Basta entrar no novo prédio, que em seu primeiro fim de semana recebeu 24 mil visitantes, para perceber a importância da arte no contexto geral do projeto. Pontuam o espaço, de maneira sutil ou com um impacto indisfarçável, trabalhos realizados especialmente para o local ou selecionados a dedo na reserva técnica da instituição. Assinados por uma gama bastante variada de artistas, as obras são de autoria e gêneros diversos, compreendendo desde artesãos anônimos, como os autores dos ex-votos que compõem um painel instalado no hall de entrada, até nomes importantes da cena contemporânea. Ao todo mais de 15 autores, alguns com várias criações (como Leonilson e Sidney Amaral), assinam as obras.
Na fachada do Sesc, ainda no exterior, uma grande escultura de Sérvulo Esmeraldo recebe os visitantes. Trata-se de uma peça de grande simplicidade, que contrasta com suas dimensões colossais, com mais de dez metros de altura: dois quadrados, um branco e um azul, que se tocam parcialmente e ativam o espaço a sua volta, como desenhos que se esforçam para adquirir uma força tridimensional.
Logo na entrada, estabelecendo uma sintonia fina com a arquitetura arejada de Renato e Lilian Dal Pian, foi instalada uma monumental escultura em gesso de Carlito Carvalhosa. Com um formato semelhante ao do morro do Pão de Açúcar, no Rio, e pendurada no vazio de cabeça para baixo, com a ajuda de uma estrutura de ferro e grossos tirantes que a conectam às paredes do prédio, a peça atrai os olhares perplexos, que se perguntam sobre o caráter permanente e ao mesmo tempo instável e precário de uma montanha pesada e invertida que flutua no ar.
Mesmo sendo provavelmente a mais impactante da nova unidade, a peça de Carvalhosa, Já estava assim quando cheguei, não é a única grande obra especialmente concebida para o espaço. No mesmo hall, ocupando uma longa parede no segundo andar do prédio, está o painel criado por Adriana Varejão.
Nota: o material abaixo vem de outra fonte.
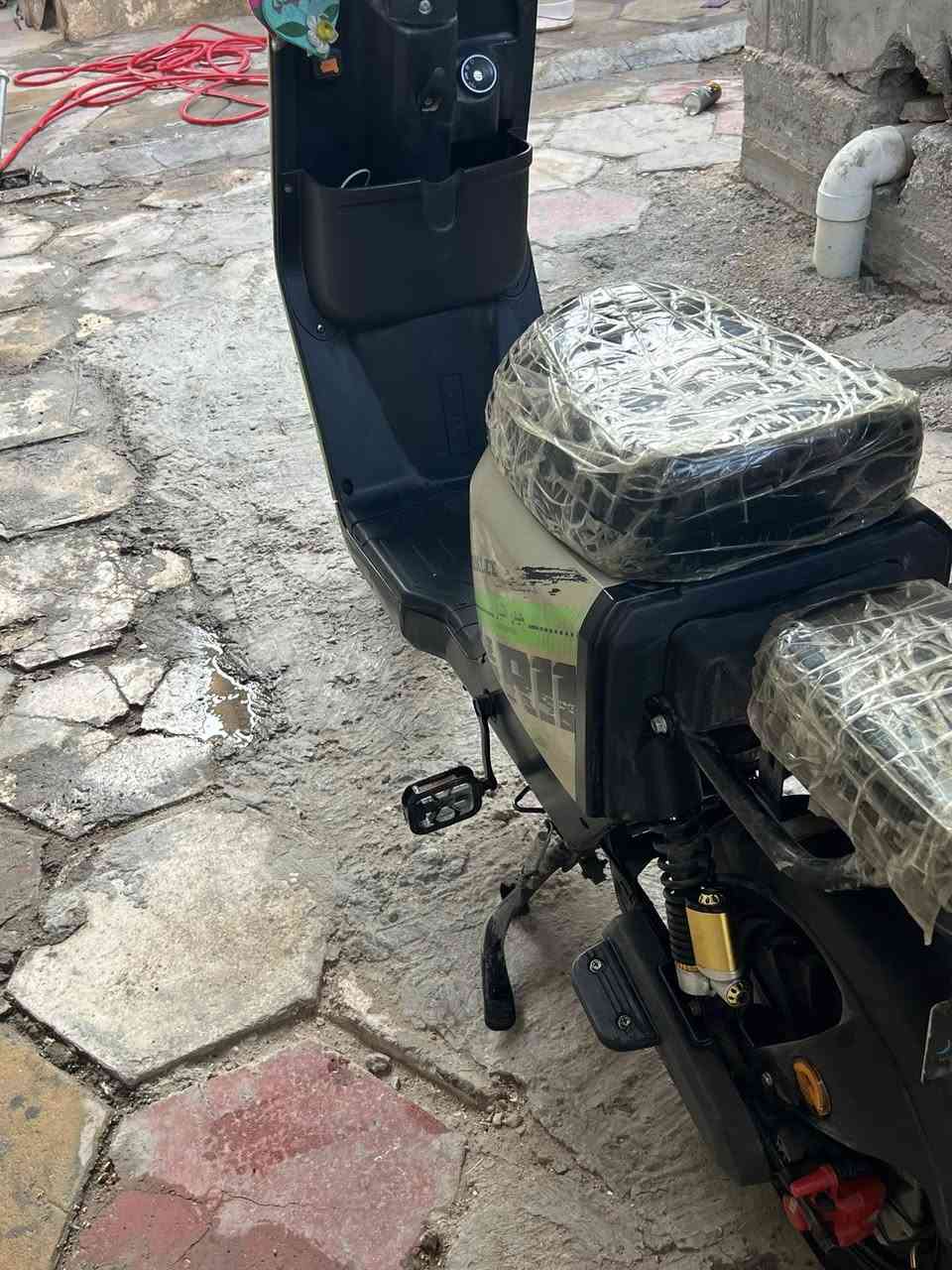 باسكل  شحن ار ١١ ربع نمر خمس بطاريات لكبار ٣٢ بير سعر ٦٢٥ بي مجال ***********
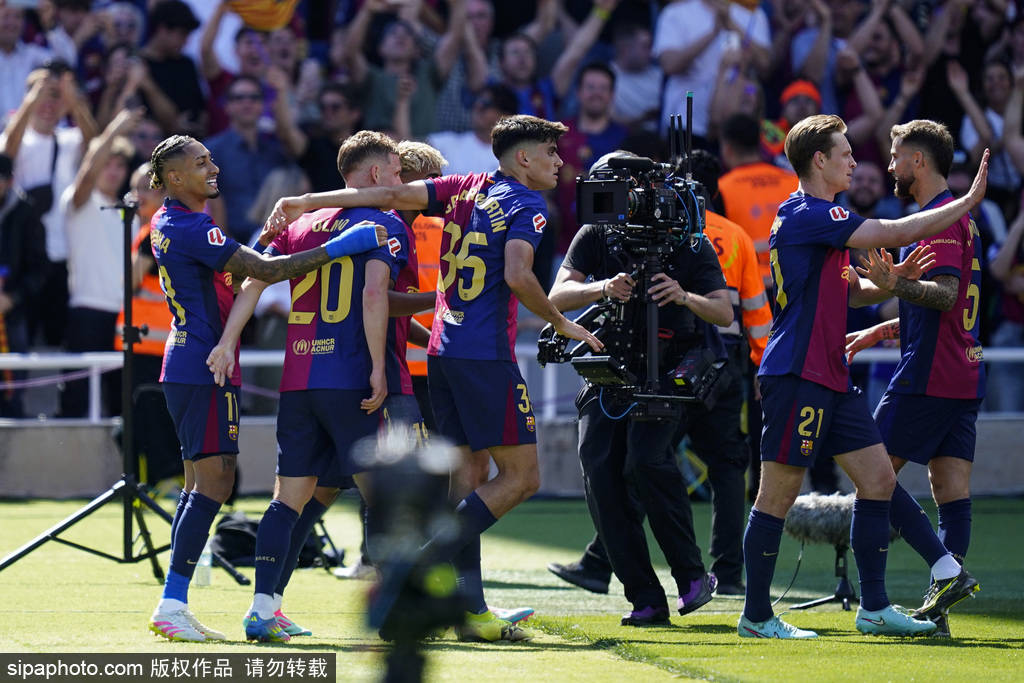 皇冠体育App下载
_赛季四杀皇冠体育App下载
!西甲-姆巴佩戴帽拉菲2球 巴萨4-3皇马7分领跑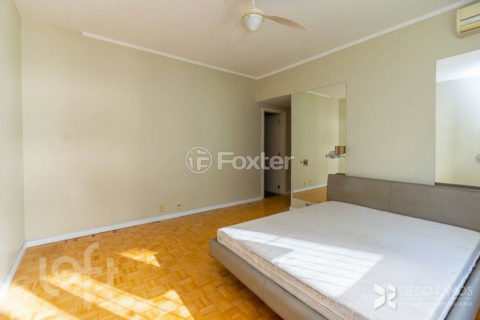 Image 28 - 1027660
Composto por sete grandes círculos com formas geométricas e orgânicas, a pintura mural se insere num projeto já desenvolvido há tempos pela artista, no qual investiga a ampla gama de cores de pele dos brasileiros, a problemática questão da autoidentificação em uma sociedade marcada por um forte, mesmo que disfarçado, racismo.
É interessante ressaltar que as escolhas de trabalhos permanentes para o novo espaço não têm a pretensão de reinventar poéticas. Pelo contrário, a proposta potencializa o alcance das obras de arte – em grande parte pelo destaque e generosidade do espaço concedidos a elas –, sem contudo sacrificar sua conexão com a poética particular de cada um dos autores. A grandiosidade e as especificidades de um centro cultural de ampla circulação não acarretam em um abandono das pesquisas dos artistas convidados. Pelo contrário, abre-lhes uma possibilidade de viabilizar algo que, na prática, é quase impossível nos nossos centros urbanos densos e fragmentados. É o caso, por exemplo, da gigantesca pintura Paisagem Desaguando, criada por Janaina Tschäpe para o ginásio e que estabelece um interessante paralelo visual com o núcleo contíguo das piscinas. Ou da obra de Eduardo Frota, composta por duas enormes peças que pertencem a sua série já conhecida dos carretéis, situada no jardim. A diferença é que neste caso optou-se pela troca dos já tradicionais perfis de madeira pelo aço, material mais resistente para uma exposição de longa duração.
É curioso notar como o artista consegue, apesar do caráter massivo do ferro, um paradoxal aspecto de leveza. Além da precisão com que é construída, com um encaixe perfeito de centenas de rodelas de aço sobrepostas, a escultura é oca em seu interior, tornando possível ver o céu através dela e dando certa transparência à brutalidade do metal.